My name is Sebastian Michael and this episode is the Introduction, so today I will not actually be reciting, revealing or reliving any sonnet, but I will briefly introduce myself, so you get an idea of whom you’re listening to, and I will also tell you a bit about the approach I am taking to these glorious poems, and why they mean quite as much to me as they do. And in doing so I hope to of course also put forward a bit my credentials for actually doing this podcast.

I first fell in love with the Sonnets in the summer of 2013. Of course, like everybody else, I had heard several of them before, some of the more famous ones I felt I knew almost by heart, but it was when a friend of mine on Facebook decided to post one sonnet a day in the run-up to Christmas for 154 that the spark really lit and set my heart on fire for the Sonnets, because this almost immediately became the highlight of my day.

I would get up every morning, looking forward to the new instalment, which this friend of mine had generously furnished with some notes he’d found online, and to me it became really obvious really soon that these Sonnets are Shakespeare’s most personal, most intimate, most immediately revealing work, that far from being “sugar’d” – as very famously one of Shakespeare’s contemporaries called them – or simply sweetly romantic, they cover a vast range of his private and professional ups and downs; they express his rage, his frustration, his jealousy, his loneliness, his despair at the passing of time, often a deep confusion, all of these quite as much as love and admiration and the wonder at sheer beauty, which we know them so well for. And I also felt I could detect in them an at least plausible, chartable story. 

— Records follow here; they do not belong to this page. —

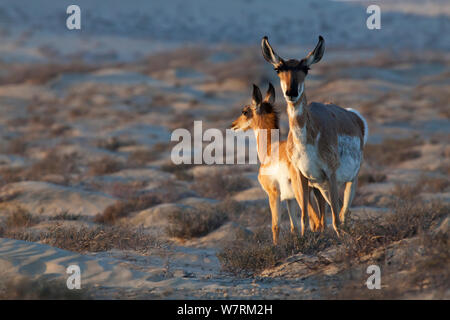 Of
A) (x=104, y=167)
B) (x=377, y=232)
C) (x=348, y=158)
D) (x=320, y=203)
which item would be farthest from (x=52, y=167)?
(x=377, y=232)

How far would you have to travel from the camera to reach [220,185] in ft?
44.0

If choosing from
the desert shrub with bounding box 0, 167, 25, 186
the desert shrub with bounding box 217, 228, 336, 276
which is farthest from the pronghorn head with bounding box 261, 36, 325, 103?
the desert shrub with bounding box 0, 167, 25, 186

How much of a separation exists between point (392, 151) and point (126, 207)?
31.5ft

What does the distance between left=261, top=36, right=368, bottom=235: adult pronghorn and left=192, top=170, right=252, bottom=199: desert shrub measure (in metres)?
5.52

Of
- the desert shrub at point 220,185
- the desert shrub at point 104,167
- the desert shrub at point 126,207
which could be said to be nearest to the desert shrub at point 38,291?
the desert shrub at point 126,207

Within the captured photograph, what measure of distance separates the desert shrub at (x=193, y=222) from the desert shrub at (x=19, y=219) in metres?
2.48

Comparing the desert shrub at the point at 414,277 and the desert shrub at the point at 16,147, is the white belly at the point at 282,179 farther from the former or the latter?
the desert shrub at the point at 16,147

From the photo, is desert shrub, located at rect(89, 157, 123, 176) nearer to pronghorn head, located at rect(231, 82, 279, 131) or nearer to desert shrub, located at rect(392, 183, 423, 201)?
desert shrub, located at rect(392, 183, 423, 201)

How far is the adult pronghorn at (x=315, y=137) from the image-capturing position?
Answer: 6426mm

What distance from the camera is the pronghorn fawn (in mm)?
7953

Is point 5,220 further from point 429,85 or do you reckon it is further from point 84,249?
point 429,85

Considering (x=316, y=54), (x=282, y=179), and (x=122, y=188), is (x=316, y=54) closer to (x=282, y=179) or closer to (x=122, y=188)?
(x=282, y=179) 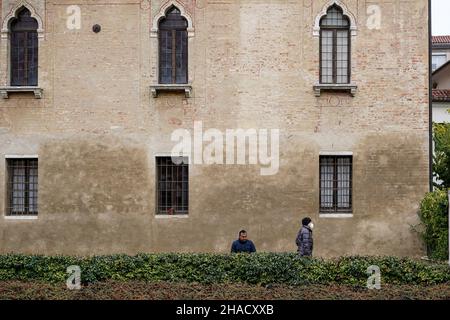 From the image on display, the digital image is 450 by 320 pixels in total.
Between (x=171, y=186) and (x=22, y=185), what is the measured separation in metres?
4.40

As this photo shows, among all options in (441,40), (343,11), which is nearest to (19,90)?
(343,11)

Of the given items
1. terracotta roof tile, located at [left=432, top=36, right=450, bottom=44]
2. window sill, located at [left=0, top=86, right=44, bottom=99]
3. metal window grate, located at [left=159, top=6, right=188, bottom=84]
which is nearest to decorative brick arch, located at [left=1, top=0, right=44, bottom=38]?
window sill, located at [left=0, top=86, right=44, bottom=99]

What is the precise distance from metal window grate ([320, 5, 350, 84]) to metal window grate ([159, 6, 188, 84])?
4.00 m

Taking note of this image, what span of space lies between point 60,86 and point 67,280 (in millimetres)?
8477

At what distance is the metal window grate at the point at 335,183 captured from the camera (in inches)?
837

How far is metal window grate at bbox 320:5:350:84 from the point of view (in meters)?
21.5

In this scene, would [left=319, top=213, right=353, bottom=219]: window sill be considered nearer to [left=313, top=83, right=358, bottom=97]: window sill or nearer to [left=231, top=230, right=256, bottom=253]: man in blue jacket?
[left=313, top=83, right=358, bottom=97]: window sill

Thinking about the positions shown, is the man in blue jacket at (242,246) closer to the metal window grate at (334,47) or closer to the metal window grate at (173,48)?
the metal window grate at (173,48)

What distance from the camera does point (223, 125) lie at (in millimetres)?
21234

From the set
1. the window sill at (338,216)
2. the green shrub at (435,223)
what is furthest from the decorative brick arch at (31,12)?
the green shrub at (435,223)

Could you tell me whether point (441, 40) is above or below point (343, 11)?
above

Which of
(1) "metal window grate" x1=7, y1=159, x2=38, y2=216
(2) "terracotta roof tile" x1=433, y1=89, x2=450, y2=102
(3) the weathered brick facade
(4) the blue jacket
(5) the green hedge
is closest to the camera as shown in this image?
(5) the green hedge

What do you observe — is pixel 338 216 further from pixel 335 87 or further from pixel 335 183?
pixel 335 87

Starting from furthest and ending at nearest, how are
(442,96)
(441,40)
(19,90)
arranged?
(441,40) → (442,96) → (19,90) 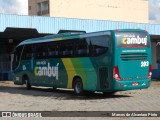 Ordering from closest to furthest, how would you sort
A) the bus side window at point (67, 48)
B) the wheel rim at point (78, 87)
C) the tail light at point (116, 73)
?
the tail light at point (116, 73) < the wheel rim at point (78, 87) < the bus side window at point (67, 48)

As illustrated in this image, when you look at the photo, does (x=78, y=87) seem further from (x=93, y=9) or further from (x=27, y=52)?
(x=93, y=9)

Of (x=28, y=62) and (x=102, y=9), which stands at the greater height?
(x=102, y=9)

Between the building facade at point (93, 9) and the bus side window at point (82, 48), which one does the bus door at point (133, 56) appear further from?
the building facade at point (93, 9)

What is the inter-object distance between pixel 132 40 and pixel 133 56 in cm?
73

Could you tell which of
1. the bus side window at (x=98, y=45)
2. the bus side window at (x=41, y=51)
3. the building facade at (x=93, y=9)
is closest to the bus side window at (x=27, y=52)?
the bus side window at (x=41, y=51)

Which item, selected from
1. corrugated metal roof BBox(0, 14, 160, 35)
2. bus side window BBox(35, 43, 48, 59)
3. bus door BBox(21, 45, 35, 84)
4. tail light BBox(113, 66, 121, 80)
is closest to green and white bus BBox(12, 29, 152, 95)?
tail light BBox(113, 66, 121, 80)

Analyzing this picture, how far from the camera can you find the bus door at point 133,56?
18703mm

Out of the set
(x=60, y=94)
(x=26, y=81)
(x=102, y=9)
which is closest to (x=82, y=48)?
(x=60, y=94)

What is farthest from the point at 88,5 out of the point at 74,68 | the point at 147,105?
the point at 147,105

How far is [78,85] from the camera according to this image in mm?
21156

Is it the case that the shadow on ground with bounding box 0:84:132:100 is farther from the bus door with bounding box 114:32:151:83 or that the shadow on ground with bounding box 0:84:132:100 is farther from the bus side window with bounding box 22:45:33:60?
the bus side window with bounding box 22:45:33:60

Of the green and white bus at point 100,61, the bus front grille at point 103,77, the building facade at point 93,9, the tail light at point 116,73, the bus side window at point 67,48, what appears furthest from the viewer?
the building facade at point 93,9

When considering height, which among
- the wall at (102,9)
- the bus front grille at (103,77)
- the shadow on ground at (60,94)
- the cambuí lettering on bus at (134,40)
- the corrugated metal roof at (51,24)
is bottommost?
the shadow on ground at (60,94)

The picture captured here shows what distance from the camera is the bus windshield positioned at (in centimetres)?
1869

Now I have to put here in brackets that this in itself – charting a story from the sonnets – is immensely controversial. And I will come back to this, because it is a fascinating and an important question: to what extent can or should the sonnets be read as biographical; I will address this in quite a bit more detail. But here let me just tell you what I did next:

Fully aware that everything is conjecture and that everything or almost everything about these Sonnets, not least the degree to which they can be regarded as biographical, is hotly disputed, I wrote a play, called The Sonneteer, which together with the wonderful actor Tom Medcalf and the equally marvellous director Ros Philips I took up to the Edinburgh Festival Fringe in 2014. This play incorporates about two dozen of Shakespeare’s Sonnets and imagines a possible course of the relationship between the poet and The Fair Youth whom the majority of these Sonnets are either directly or indirectly addressed to, or as some people might put it, believed to be addressed to.

Since then, I've recorded all of the Sonnets on YouTube and I’ve also created the Saturday's Sonnet video blog, which selected one Sonnet each week to look at in some detail.

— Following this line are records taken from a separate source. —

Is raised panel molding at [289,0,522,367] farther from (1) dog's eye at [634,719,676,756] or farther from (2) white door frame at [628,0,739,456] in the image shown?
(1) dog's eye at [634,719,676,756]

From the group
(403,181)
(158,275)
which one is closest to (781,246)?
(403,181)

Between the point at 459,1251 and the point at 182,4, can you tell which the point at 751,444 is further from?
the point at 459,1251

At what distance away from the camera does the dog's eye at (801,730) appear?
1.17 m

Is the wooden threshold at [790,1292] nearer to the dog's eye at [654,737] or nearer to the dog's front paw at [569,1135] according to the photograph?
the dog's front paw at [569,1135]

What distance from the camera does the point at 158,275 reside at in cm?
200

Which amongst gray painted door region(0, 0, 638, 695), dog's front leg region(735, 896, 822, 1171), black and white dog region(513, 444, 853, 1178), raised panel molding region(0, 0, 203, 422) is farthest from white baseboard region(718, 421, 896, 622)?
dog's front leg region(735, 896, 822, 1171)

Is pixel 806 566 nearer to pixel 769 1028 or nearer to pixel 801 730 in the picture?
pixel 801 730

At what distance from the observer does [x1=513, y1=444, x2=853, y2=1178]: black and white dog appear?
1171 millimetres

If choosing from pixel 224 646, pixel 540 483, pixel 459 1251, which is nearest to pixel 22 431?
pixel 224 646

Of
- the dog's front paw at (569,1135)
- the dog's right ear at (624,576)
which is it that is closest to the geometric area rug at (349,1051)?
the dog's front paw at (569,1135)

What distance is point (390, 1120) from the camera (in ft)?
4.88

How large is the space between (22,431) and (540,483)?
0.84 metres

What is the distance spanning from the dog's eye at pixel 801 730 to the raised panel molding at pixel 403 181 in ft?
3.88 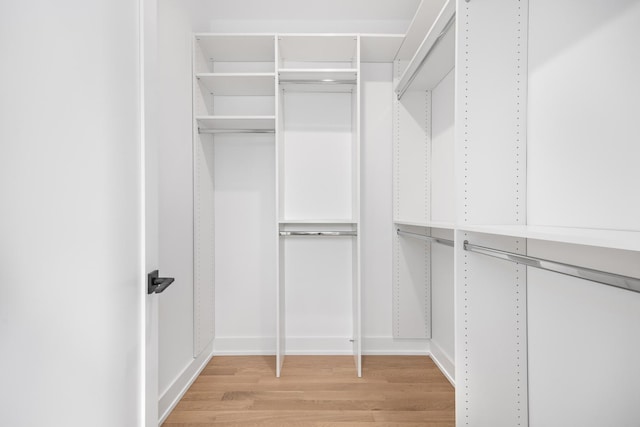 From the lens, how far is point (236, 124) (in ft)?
8.02

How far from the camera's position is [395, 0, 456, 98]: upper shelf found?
1525 mm

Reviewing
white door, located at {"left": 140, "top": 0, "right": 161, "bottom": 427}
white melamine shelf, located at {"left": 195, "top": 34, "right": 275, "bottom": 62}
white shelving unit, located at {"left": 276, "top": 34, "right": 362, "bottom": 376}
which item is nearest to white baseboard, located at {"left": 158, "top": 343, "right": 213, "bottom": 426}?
white shelving unit, located at {"left": 276, "top": 34, "right": 362, "bottom": 376}

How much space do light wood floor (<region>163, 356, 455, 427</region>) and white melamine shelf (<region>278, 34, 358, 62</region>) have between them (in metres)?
2.21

What I want to do with this podcast now is celebrate all these Sonnets afresh, pursuing very much the approach I adopted previously: listen to the words and find out what they actually tell us. They tell us a lot, if we listen carefully, and the joy of working with these sonnets is such that I am going one step further than I did before. For this podcast I am learning all of the Sonnets by heart. I am not just reading them, I am really internalising them to get to their essence as much as I possibly can. Of course, for the podcast I will check them very carefully against the printed versions because I want to make sure that I give you an authoritative version of the Sonnet; so I won’t be relying entirely on my memory, but at this point, as I am recording this Introduction, I am able to recite the first 35 or 36 Sonnets and I mean to continue until I have them all down to a T.

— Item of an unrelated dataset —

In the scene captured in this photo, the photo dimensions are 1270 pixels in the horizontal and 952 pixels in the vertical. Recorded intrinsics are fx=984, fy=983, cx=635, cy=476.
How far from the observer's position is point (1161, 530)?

Now though, before we start reciting, revealing and reliving Shakespeare’s Sonnets with Episode One, which is the next one and the first one in the actual series, it is probably worth setting the scene a bit by looking at what we do know and what we don’t know about this extraordinary body of work, and what assumptions we are going to have to make. Because you always have to make some assumptions when you are dealing with a piece of classic literature such as this.

The absolutely first thing to acknowledge is that we know very little. We don’t know for certain when Shakespeare wrote the Sonnets – although there is a time frame for them, they first get mentioned in 1598, when he is 34, but we don’t know how many of them he had written by then, we don’t know in which order he wrote them, we don’t know whether he ever intended them to be published or not, we don’t know whom, if anyone in particular, they are addressed or referring to, we don’t even know – and this perhaps most vexingly – why he wrote them, though it seems clear he wrote different batches of them for different reasons. In fact, almost everything you hear or read about William Shakespeare’s Sonnets turns out to be, at some point sooner or later, conjecture. Except the words.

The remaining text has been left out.